**Saved data entries**
++++++++
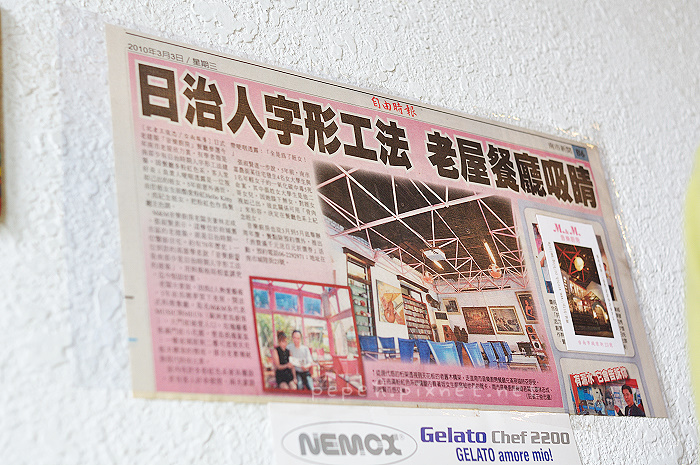 803a40bb78350bddc043ad9fca344551.jpg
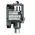 Allen-Bradley Electro Mechanical Pressure Control Switch
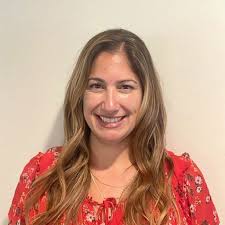 Cristina Bostanian-Quezada, LCSW — Therapist in California | Rula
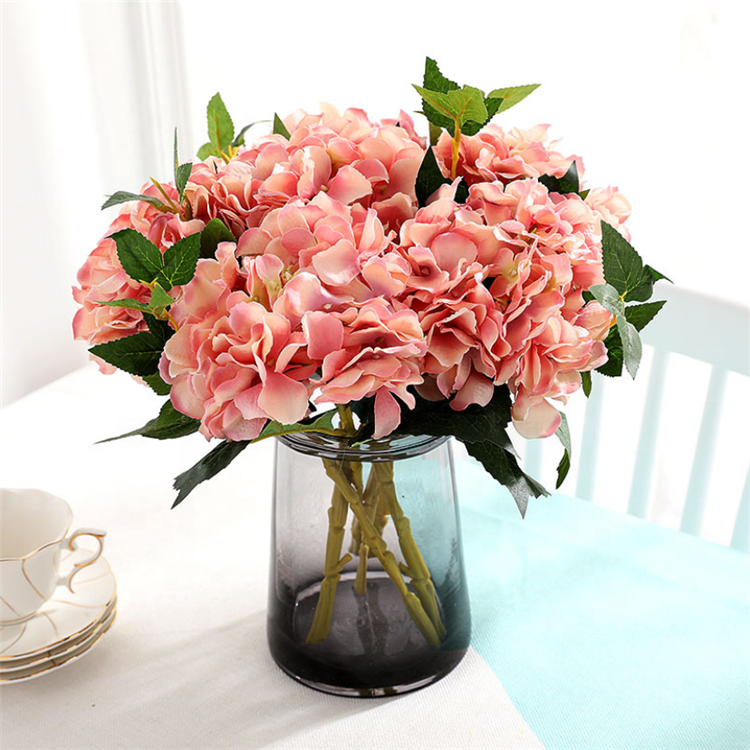 Artificial Flower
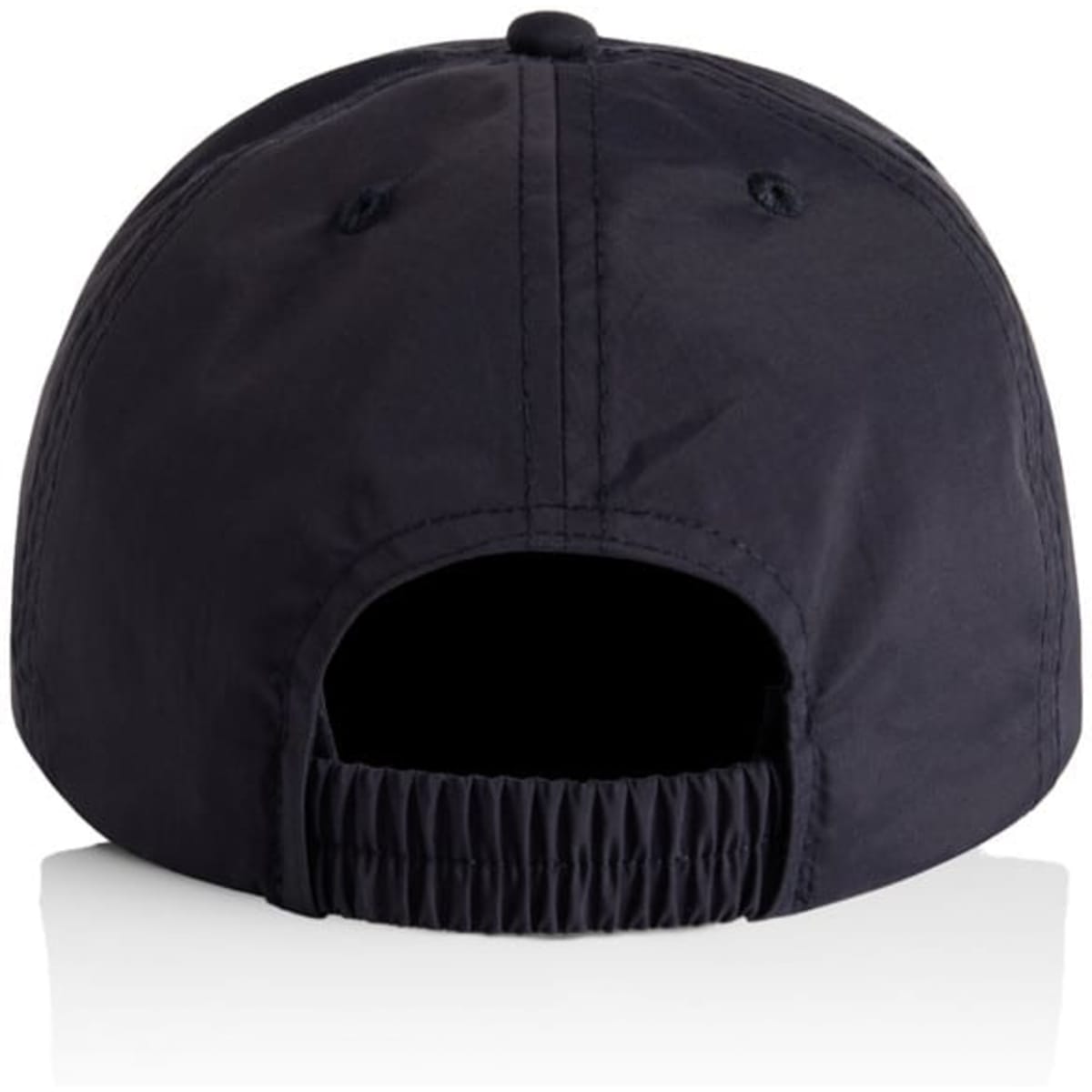 1129_surf_kids_cap_navy_back__51582.1702851997.1280.1280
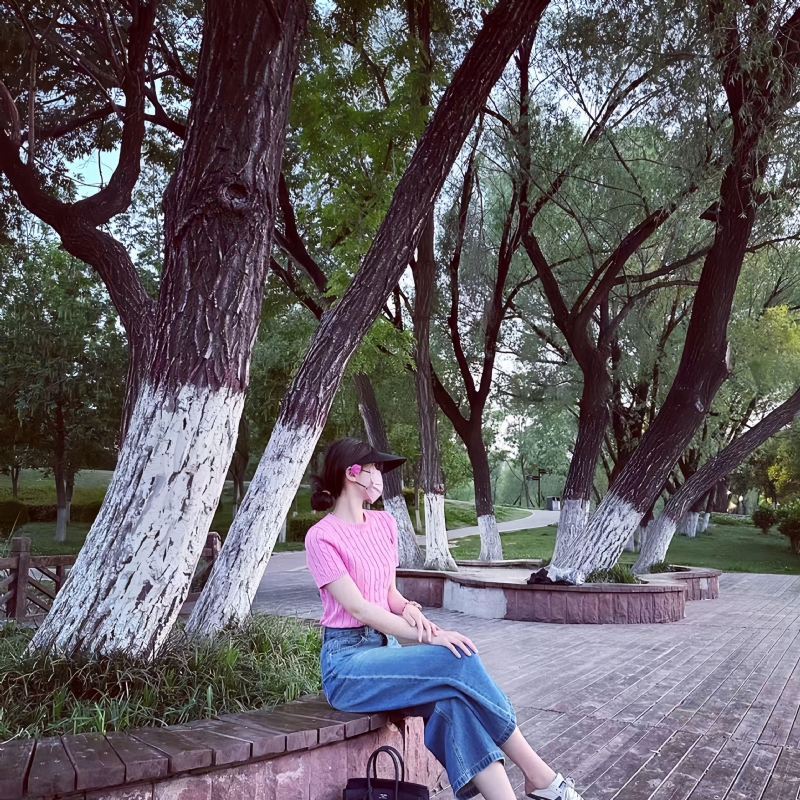 瑶0524的第一张照片--内蒙古闪婚服务中心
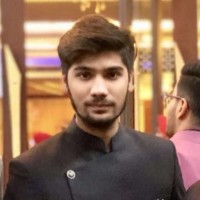 Harshit Jain
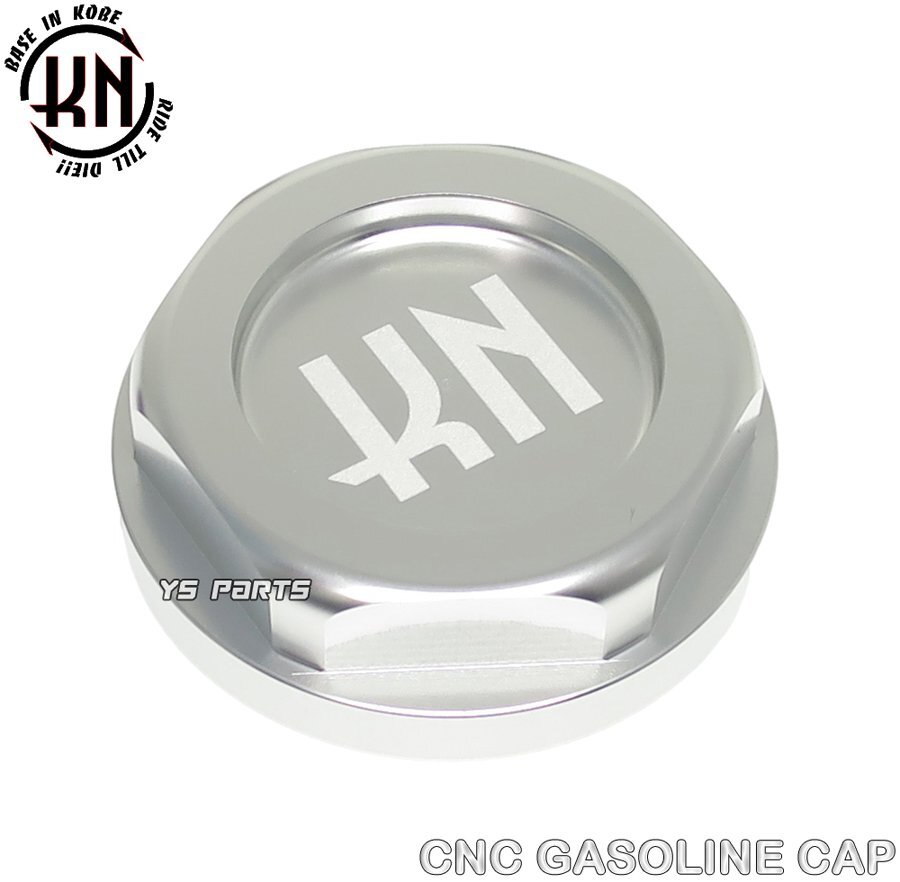 フォルツァ mf10燃料タンク 2025年最新】Yahoo!オークション -フォルツァmf10(タンク)の中古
++++++++
Without including any pictures, output each entry above exactly as it appears.

 803a40bb78350bddc043ad9fca344551.jpg
 Allen-Bradley Electro Mechanical Pressure Control Switch
 Cristina Bostanian-Quezada, LCSW — Therapist in California | Rula
 Artificial Flower
 1129_surf_kids_cap_navy_back__51582.1702851997.1280.1280
 瑶0524的第一张照片--内蒙古闪婚服务中心
 Harshit Jain
 フォルツァ mf10燃料タンク 2025年最新】Yahoo!オークション -フォルツァmf10(タンク)の中古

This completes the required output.